In 1986, during the production of Movie Mahal (a 49-part television documentary on Bollywood aired on Channel 4), Kabir asked for journalist Khalid Mohamed's help to invite people with "significant" contributions to Bollywood. One of the interviewees was Gulzar, with whom she discussed the history of Bollywood's lyricists. After he agreeing the offers, Mohamed and Kabir arrived at his one-story bungalow on Pali Hill, Mumbai, to start shooting. Their second meeting was four years later while she was producing for another documentary for the same channel, on playback singer Lata Mangeshkar. Kabir recounted that Gulzar came up with insightful information about the singer—the same thing he did when was interviewed about the topics from their previous meetings. For later years, they would meet at several film festivals and private screenings only.

Kabir wrote in In the Company of a Poet foreword that she got the idea of the book "[preposterously] as this might sound" after having a dream in 2010, in which she was talking with Gulzar's contemporaries Sahir Ludhianvi and Shailendra; the lyricists told her to write a book in collaboration with Gulzar on their work. It consequently motivated her to do a call with Gulzar from London "no matter how overly dramatic the whole might seem to him", using his telephone number she got when they met coincidentally in the city. His manager, whom she referred to as Mr. Kutty, answered the call and asked her to wait for a while. Gulzar came on the line a few minutes later, telling Kabir to phone him once more after she arrives in India. In late 2010, she had returned to the country and subsequently got the approval from him.
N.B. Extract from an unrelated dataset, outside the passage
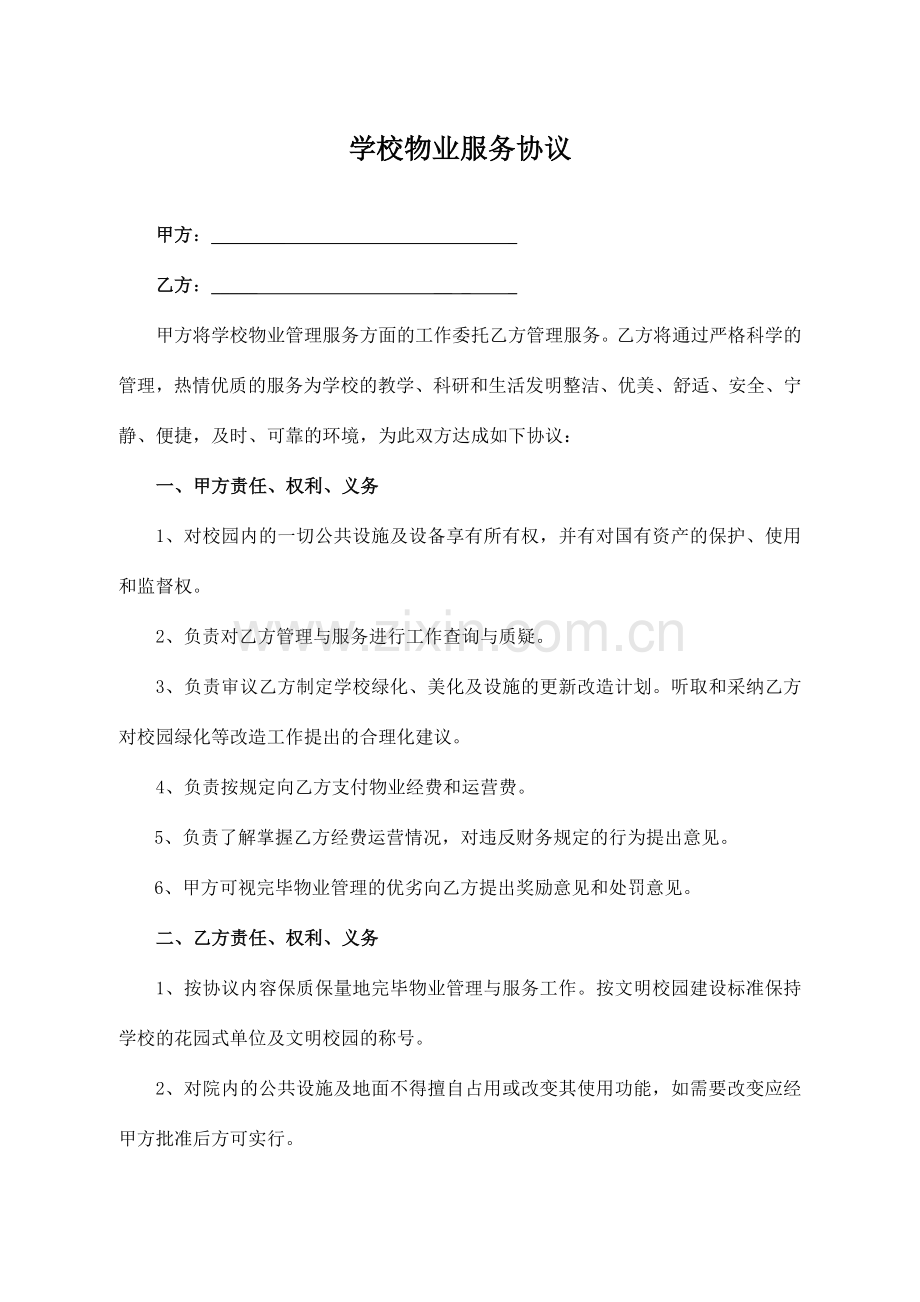 学校物业服务合同范本.docx_第1页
Using the telecommunication application Skype, the conversations happened from May to November 2011 with over twenty-five sessions (each lasting around one or two hours) in English, Hindi, and Urdu. Two other books has been written on him—his daughter Meghna's Because He is... (2004) and Saibal Chatterjee's Echoes & Eloquences (2007). They avoid talking topics the previous publications have already done. Kabir, who had returned to London by the end of 2010 following Gulzar's consents on the idea of the book, chose to focus mostly on his work mostly as a lyricist, poet, and screenwriter. She added, "I also believed that even if we were to revisit events that were already known, [Gulzar] would shed new light on them from the perspective of who he is today." At the end of the following year, she went back to Mumbai and continue the conversations at Gulzar's office.

Critical reception 
In the Company of a Poet received mixed reviews from book critics. Bollywood Hungama gave the book a rating of two-and-a-half stars, concluding in its review, "If you haven't read any of the books centered on Gulzar yet, this one—though not the best of the lot—could still be your pick!" Although feeling ambivalent of the book, the critic said that it is suitable for those who wants to have insights of the Bollywood in the past decades from Gulzar's point-of-view. Lopamudra Ghatak of News18 praised Kabir for encouraging Gulzar to tell his personal life detailly and described the book as "a conversation with Kabir interrupting, interjecting and engaging her subject just enough, at the right moments". The Hindustan Times journalist Deepa Gahlot believed that it gives "a glimpse of where he comes from and the influences that shaped his extraordinary imagination and felicity with words".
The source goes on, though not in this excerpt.